[BC] Long wire antennas

Richard Fry rfry at adams.net
Wed Jan 16 09:00:57 CST 2008


>...a true long wire is a single wire, end fed against ground, unbalanced, 
>non-resonant, and directional along the general direction of the wire. 
>Less than about 1 wavelength, is not a "long wire" at all, but just a 
>random end fed.
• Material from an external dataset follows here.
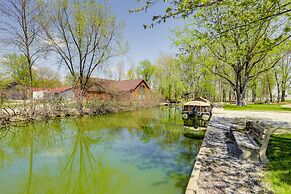 Pet-friendly Ohio Escape w/ Deck & Community Dock!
If the wire is fairly long, but shorter than required to 
>radiate all of the energy in one trip down its length...
___________

But the total r-f energy applied is not radiated as a function of the 
length of an unterminated radiator, so that, if the radiator is long 
enough, all that r-f will be radiated.  Instead, energy will propagate down 
the horizontal section of an end-fed long wire, and just as with a monopole 
it will be reflected back to the source while setting up E/I nulls and 
loops along the wire.  An end-fed long wire is a "standing wave" antenna, 
not a "traveling wave" antenna.

The link below leads to NEC plots of the total radiation patterns of a 
long-wire comprised of a 50 meter vertical section end-feeding a 1200 meter 
(4-wavelength) horizontal section on 1 MHz.
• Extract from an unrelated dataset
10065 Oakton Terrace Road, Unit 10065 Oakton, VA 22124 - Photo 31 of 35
Note in the plots that the radiation pattern is omnidirectional in the 
horizontal plane.  It has many lobes in the vertical plane -- all of which, 
for these conditions, have more peak gain than in the horizontal plane (a 
taller vertical section tends to equalize them).

Also note in this model that the peak gain in the horizontal plane is >5 dB 
worse than that of a 1/4-wave monopole using a 2 ohm r-f ground.